____ INPUT DATA

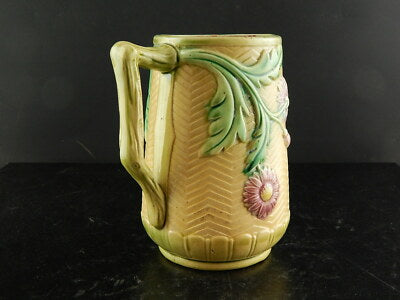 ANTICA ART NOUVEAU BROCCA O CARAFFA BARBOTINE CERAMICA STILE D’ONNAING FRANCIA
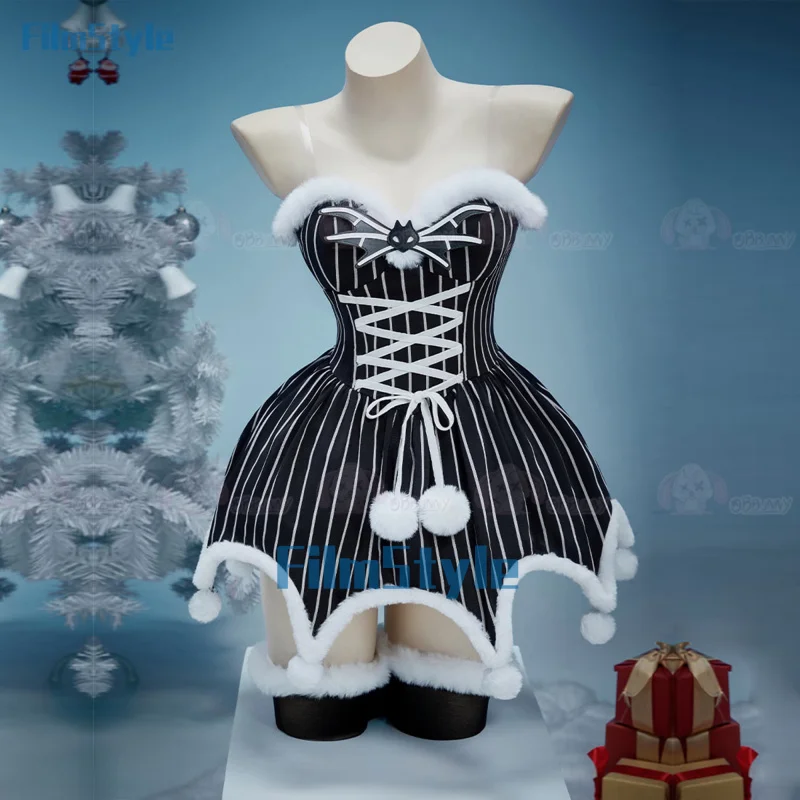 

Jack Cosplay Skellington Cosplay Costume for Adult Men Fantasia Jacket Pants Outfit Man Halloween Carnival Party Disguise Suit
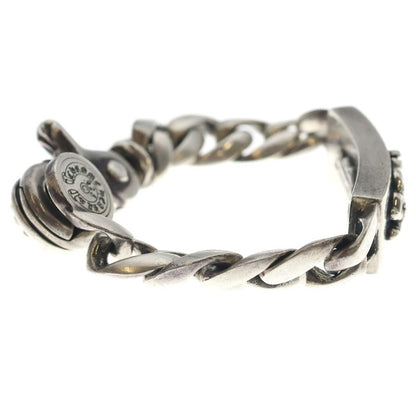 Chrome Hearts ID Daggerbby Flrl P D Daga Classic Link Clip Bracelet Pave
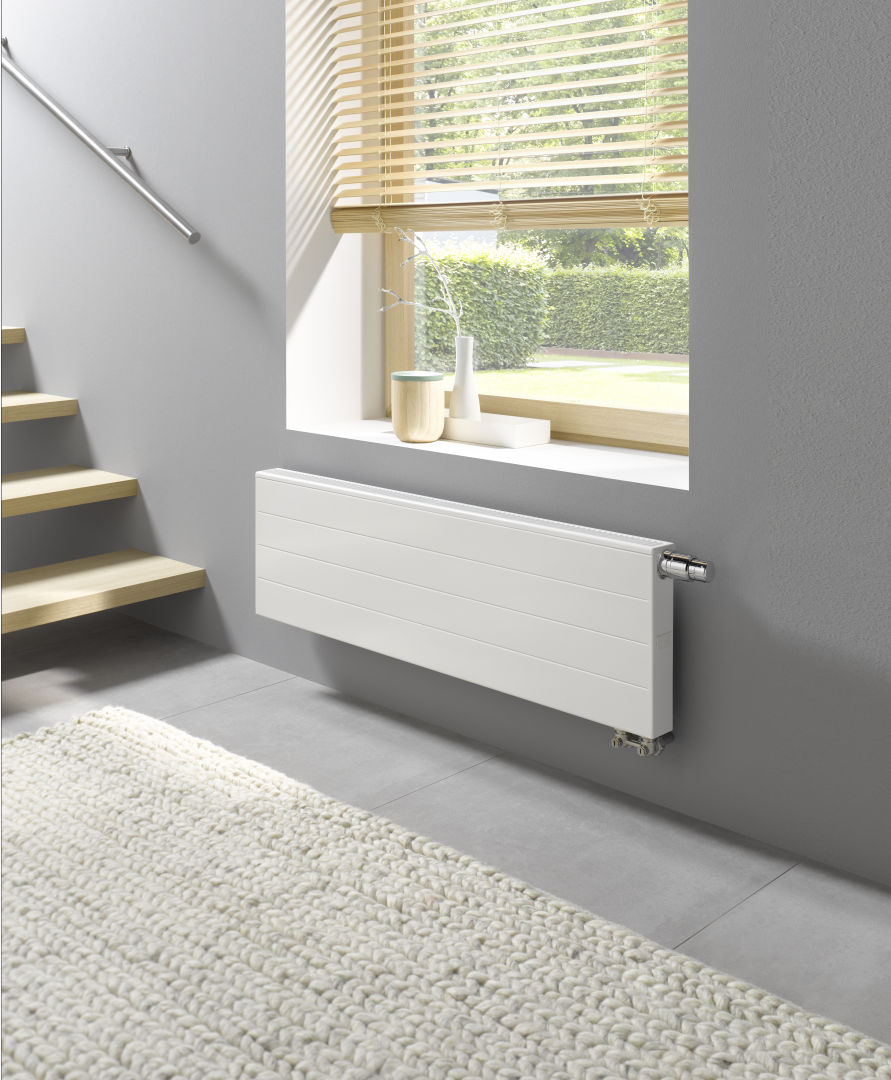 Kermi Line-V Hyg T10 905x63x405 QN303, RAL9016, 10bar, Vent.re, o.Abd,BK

________

PROBLEM REQUIREMENTS
Could you return the entire listing above verbatim while dropping each picture?

FINISHED TASK
 ANTICA ART NOUVEAU BROCCA O CARAFFA BARBOTINE CERAMICA STILE D’ONNAING FRANCIA

Jack Cosplay Skellington Cosplay Costume for Adult Men Fantasia Jacket Pants Outfit Man Halloween Carnival Party Disguise Suit
 Chrome Hearts ID Daggerbby Flrl P D Daga Classic Link Clip Bracelet Pave
 Kermi Line-V Hyg T10 905x63x405 QN303, RAL9016, 10bar, Vent.re, o.Abd,BK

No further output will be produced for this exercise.